Uncolonizing Democratic Processes

Saturday, February 4, 2023 – 9:30 am PT | 10:30 am MT | 11:30 am CT | 12:30 pm ET |1:30 AT (5.5 hours with 3x 15 min breaks)

Congregations that choose to take up the challenge of actively welcoming greater diversity may need to reconsider some of their long-term practices.  The ways we organize and make community decisions are no exception. Some of our congregations are exploring new approaches. In this workshop, we will explore a few ways they are working to uncolonize their democratic processes.  Participants will be able to choose two of the four streams being offered. 

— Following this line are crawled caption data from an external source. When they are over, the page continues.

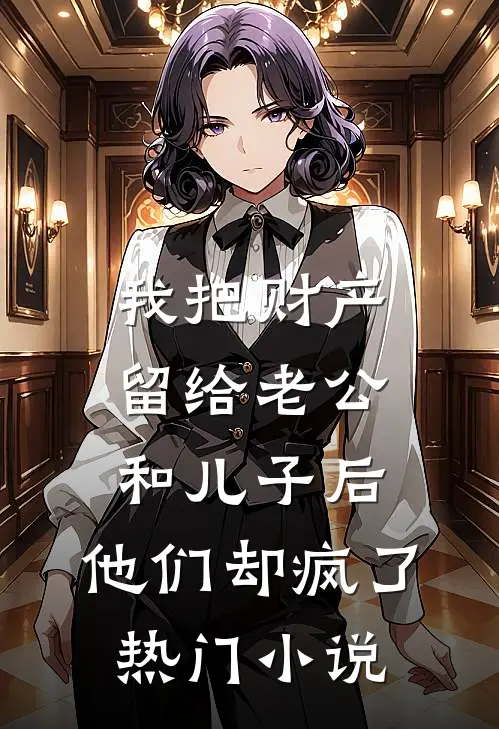 我把财产留给老公和儿子后，他们却疯了热门小说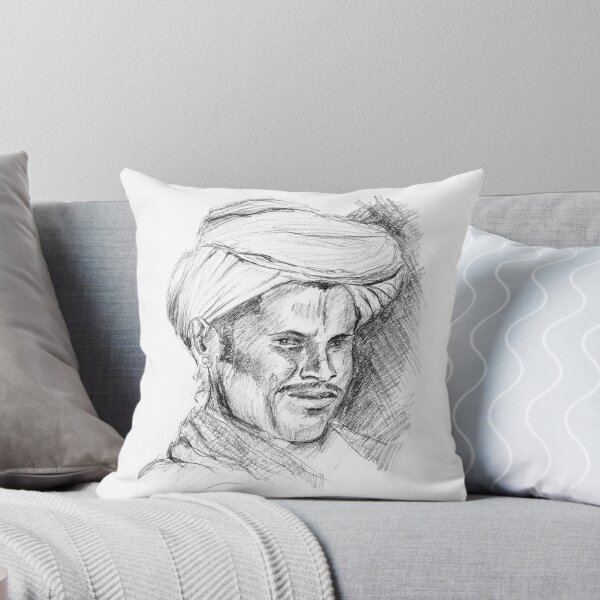 Item preview, Rajasthani man  designed and sold by Sukhpal Grewal Ethnic Art.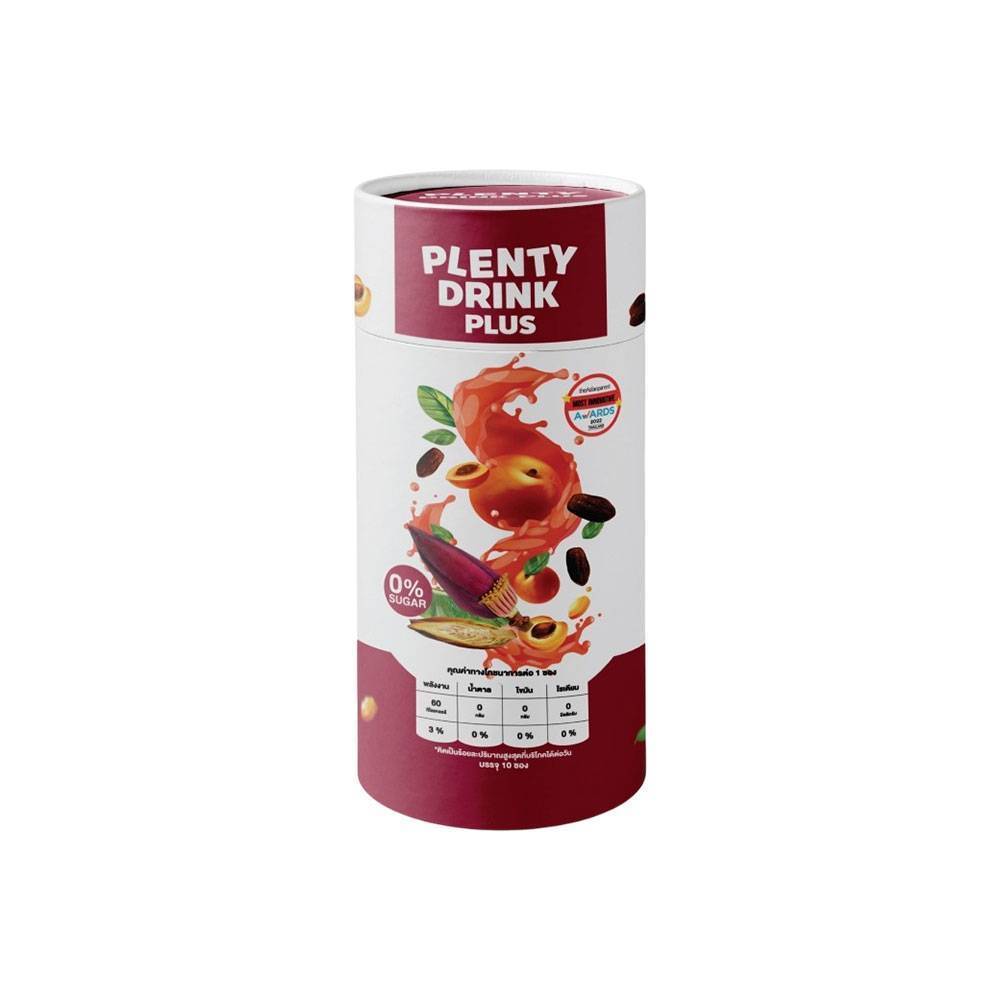 เครื่องดื่มบำรุงน้ำนม Plentitude Plenty Drink Plus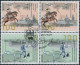 Suisse - 2020 - Europa - Viererblock - Ersttag Stempel ET - Oblitérés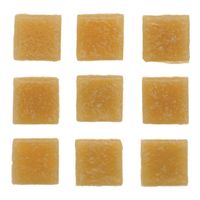 30x stuks vierkante mozaiek steentjes beige 2 x 2 cm   - - thumbnail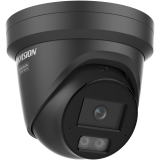 Caméra réseau à tourelle fixe Acusense 12MP optimisée par Darkfighter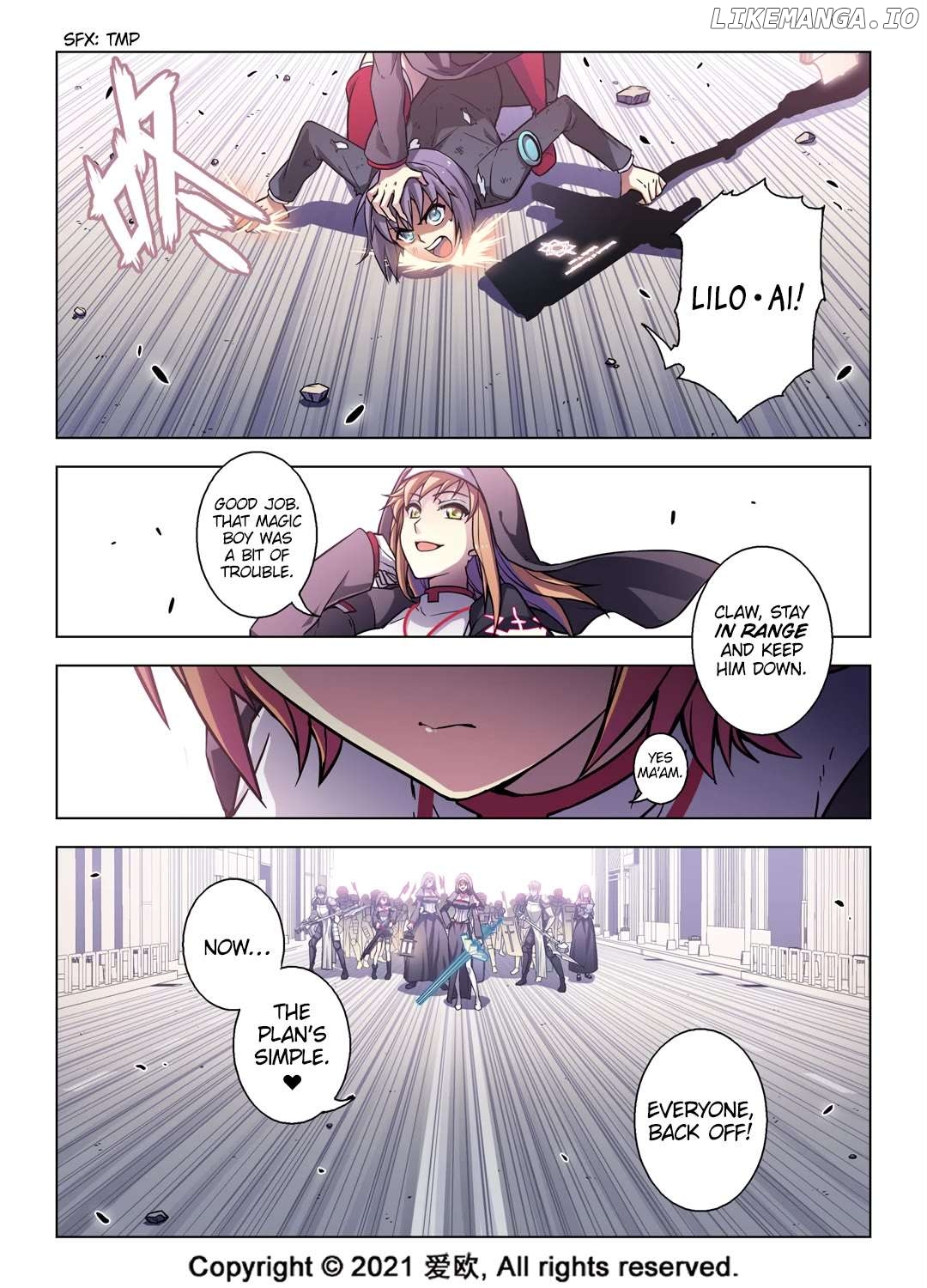 Bloodline: The Illusory Noble Demon Chapter 70 - page 7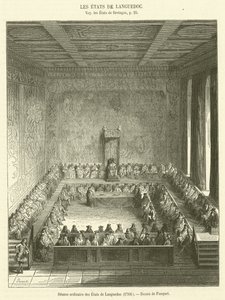 Séance ordinaire des États de Languedoc - French School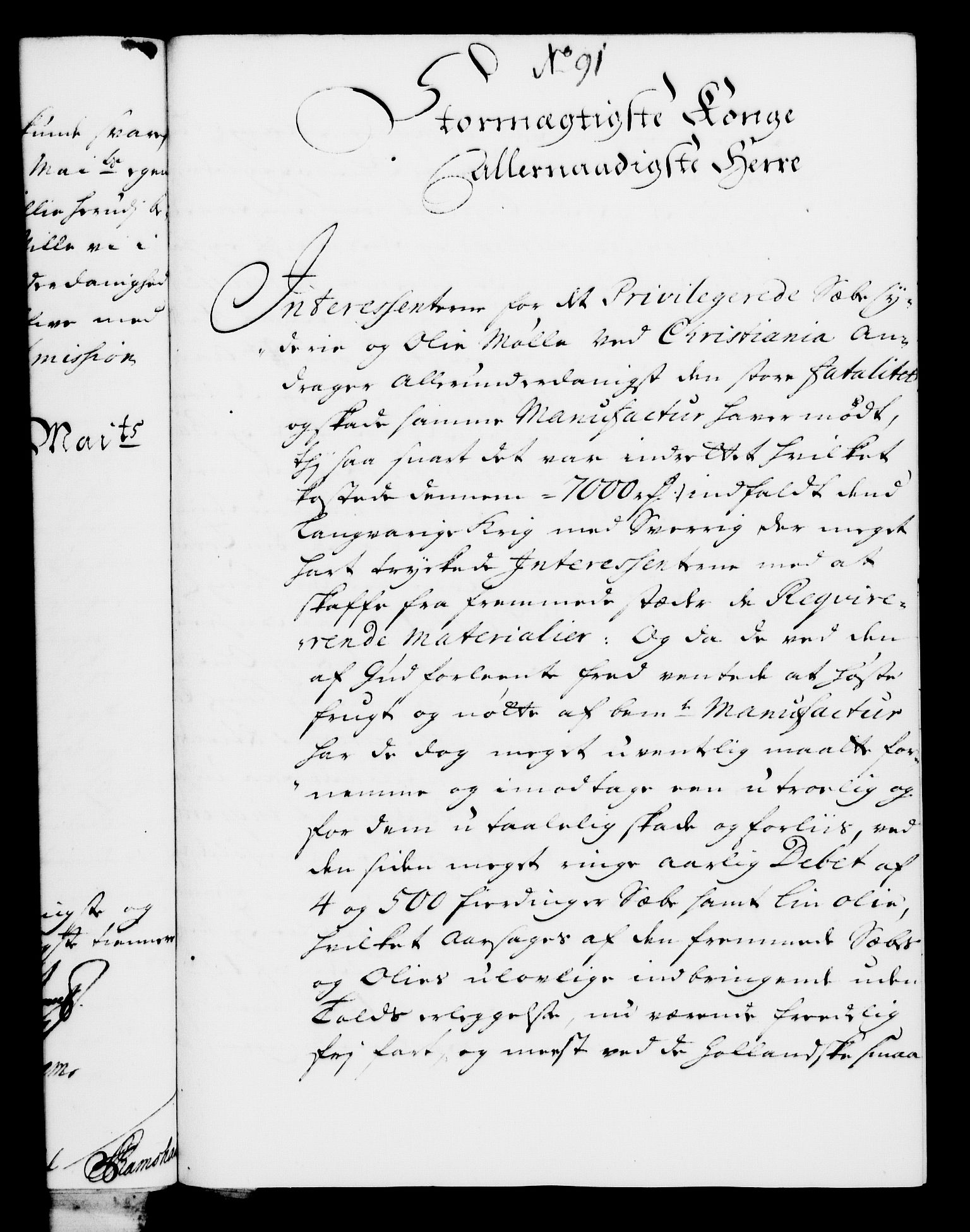 Rentekammeret, Kammerkanselliet, RA/EA-3111/G/Gf/Gfa/L0008: Norsk relasjons- og resolusjonsprotokoll (merket RK 52.8), 1725, p. 531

Workshop Stream Descriptions: 

    • When “Fair Processes” Mask Colonial Thinking: Lifting the Veil on Robert’s Rules and Silencing
      Jessica Asch
      Part of the work of decolonization requires settlers to identify the gaps in our own understandings of the world. In application, even treasured principles of governance, such as fairness in process, can mask colonial thinking and preclude important conversations about how to rebuild relationships and decision-making processes. Using an example, this interactive workshop will unpack the lost opportunities and harms when we don’t challenge our thinking around law and legal processes, and provide space for people to reflect on approaches for moving forward.
      Jessica Asch grew up in Treaty 6 Territory, where her parents settled in the 1970s, and has lived as an uninvited guest in unceded lək̓ʷəŋən Territory for 25 years. Jessica has worked as a lawyer, researcher, teacher, community organizer and policy analyst in the public, non-profit and private sectors. She was called to the B.C. bar in 2010 and practiced state law before joining the Indigenous Law Research Unit (ILRU) in 2013. She became ILRU’s Research Director in 2015, overseeing its collaborative, community-based research and public legal education projects, and Co-Research Director alongside Tara Williamson in 2021. Jessica has led and supervised Indigenous law revitalization projects on questions relating to citizenship, gender, human rights, families, governance, dispute resolution, child welfare, lands, resources and water, and has presented and published on this work. She also facilitates workshops, teaches, and presents on ILRU’s work and methods to law students, legal professionals, and the broader public.
    • The Tragic Gap – Reimagining Governance
      Rev. Samaya Oakley and Diana Smith
      Our governance systems have been structured and rooted in our colonial mindset – rational, fixed, and linear. We’re at a moment in history that calls us to transform – but how? There’s a desire and a yearning to reimagine how we move through the tragic gap as congregations, and as Canadian Unitarian Universalists.Join Diana Smith and Rev. Samaya Oakley as we explore what it means to adapt our congregational governance systems to emerging possibilities. We’ll explore systemic change, what it means, and provide you with insights, grounded practical examples, and some conversations to explore with your congregation. We are the change we’ve been waiting for.
      We’ll explore systemic change, what it means, and how you might approach it in your congregation.
    • Discovering Sociocracy: The Meeting and Governance Model UUs Are Looking For
      Aukje Byker and Ben Wolfe
      What if we could transform the way we gather as congregations and committees to discuss and decide what matters?
      What if we could begin from love and possibility, give everyone in the room a voice, leave meetings more connected, and widen our circles of leadership?
      The presenters will introduce you to Sociocracy — the governance model Peterborough has been experimenting with over the last three years — and the community dialogue process that led them to discover and choose it.
      Sociocracy makes meetings more connecting, collaborative, inclusive and efficient. Imagine leaving Board meetings saying you feel more energized than when you arrived.
    • Consensus Decision-Making
      Peter Scales
      Twenty years ago while the congregation was rent by divergent visions of how to get along, one of the members of Capital Unitarian Universalist Congregation (Victoria BC) was doing a master’s degree in Conflict Studies.  She brought forward a model of consensus that Capital has been using with great effect ever since.  By giving the voting members four ways of saying ‘yes’, the Gradients of Agreement model promotes smarter decisions and greater openness.
Schedule for the Day:
    • Shared Session 60 min starting at:  9:30|10:30|11:30|12:30
    • Break 15 min
    • Breakout Session A 90 min starting at: 10:45|11:45|12:45|1:45
    • Break 15 min
    • Breakout Session B 90 min starting at: 12:30|1:30|2:30|3:30
    • Break – 15 min
    • Shared Session 45 min starting at: 2:15|3:15|4:15|5:15


Registration open until February 2nd

Registration is now closed.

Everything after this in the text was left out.